◆ **The data**
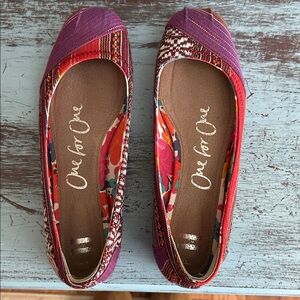 Tom’s Colorful Women's Flats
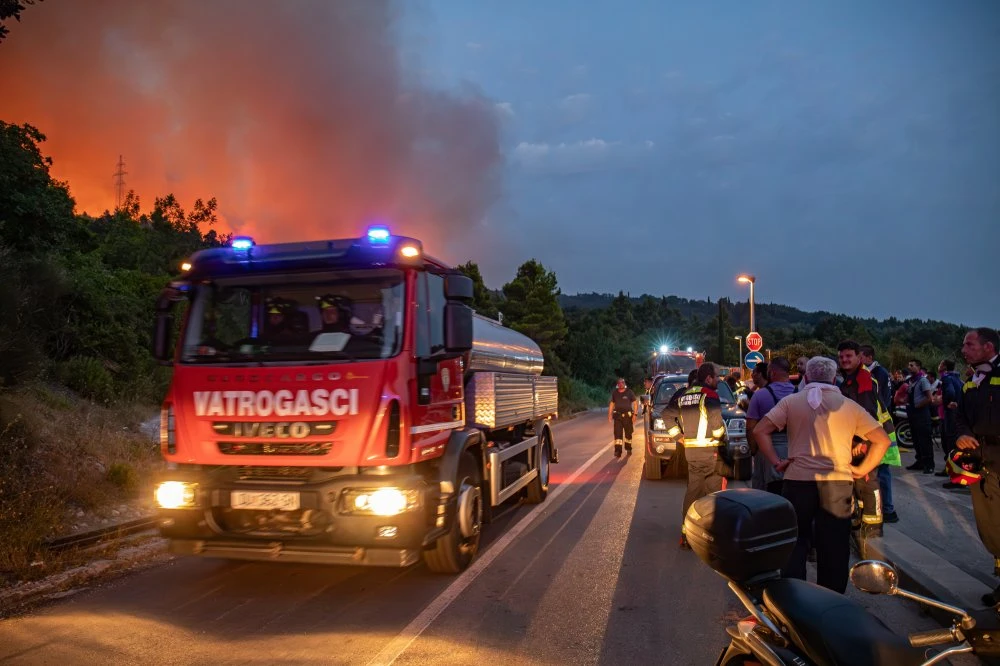 Vatrogasci se cijelu noć borili s vatrom, odjekivale mine - Jutros je situacija povoljnija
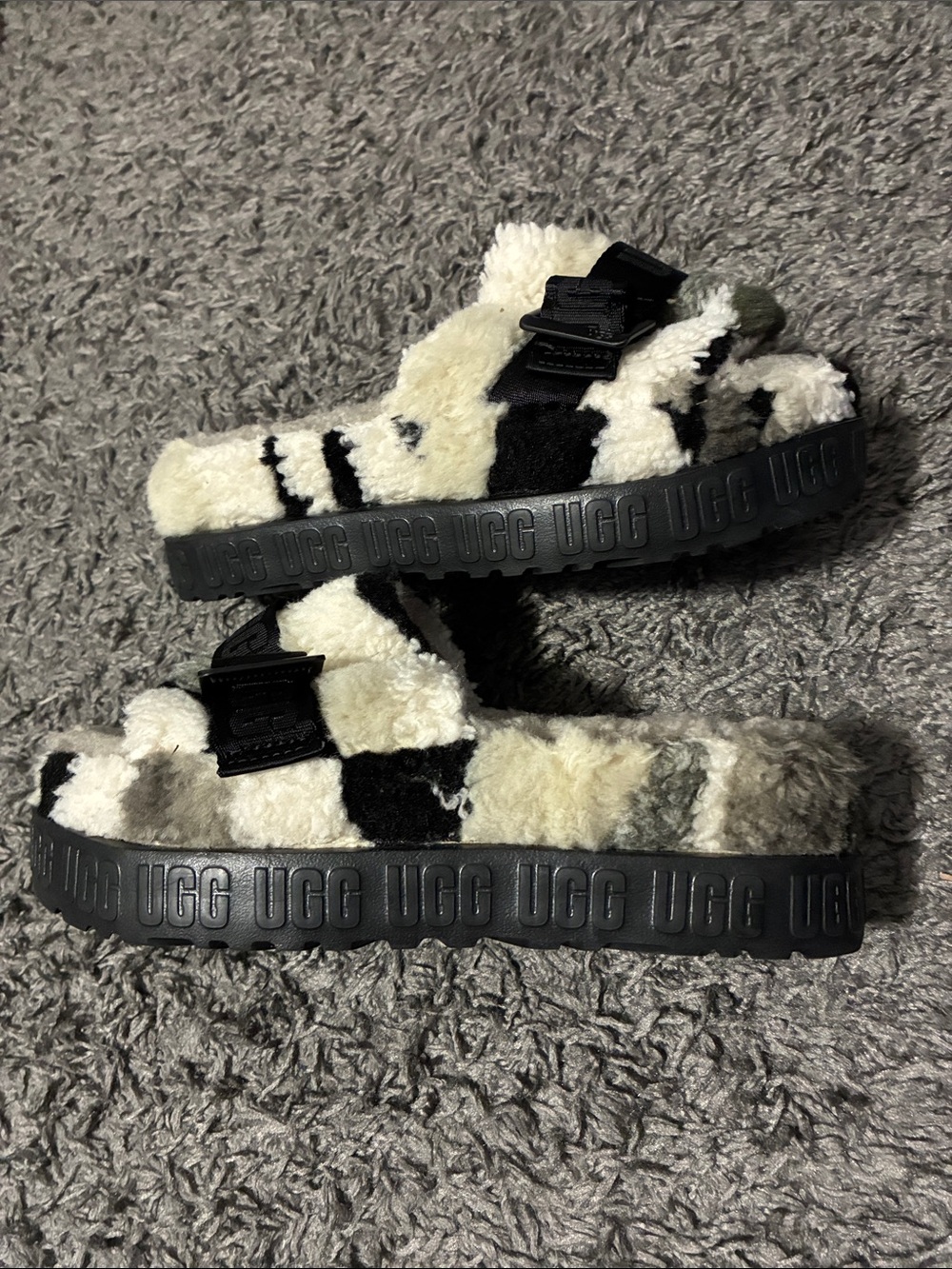 Ugg fluffita slides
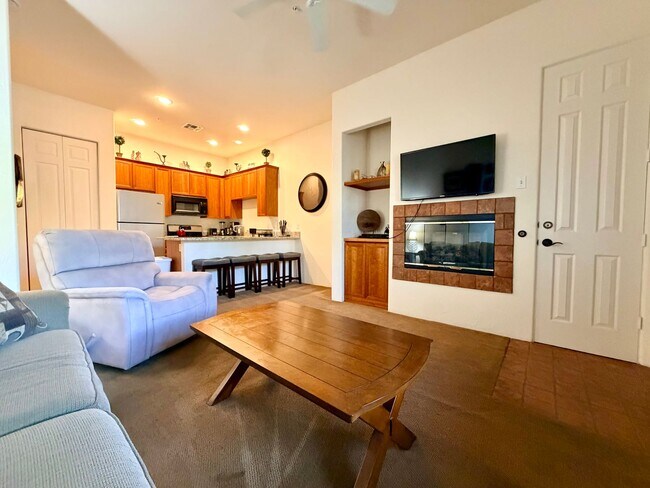 Building Photo - 50650 Santa Rosa Plz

◆ **What you need to do**
Give an exact copy of the data, and omit any pictures it holds.

◆ **Result of this task**
 Tom’s Colorful Women's Flats
 Vatrogasci se cijelu noć borili s vatrom, odjekivale mine - Jutros je situacija povoljnija
 Ugg fluffita slides
 Building Photo - 50650 Santa Rosa Plz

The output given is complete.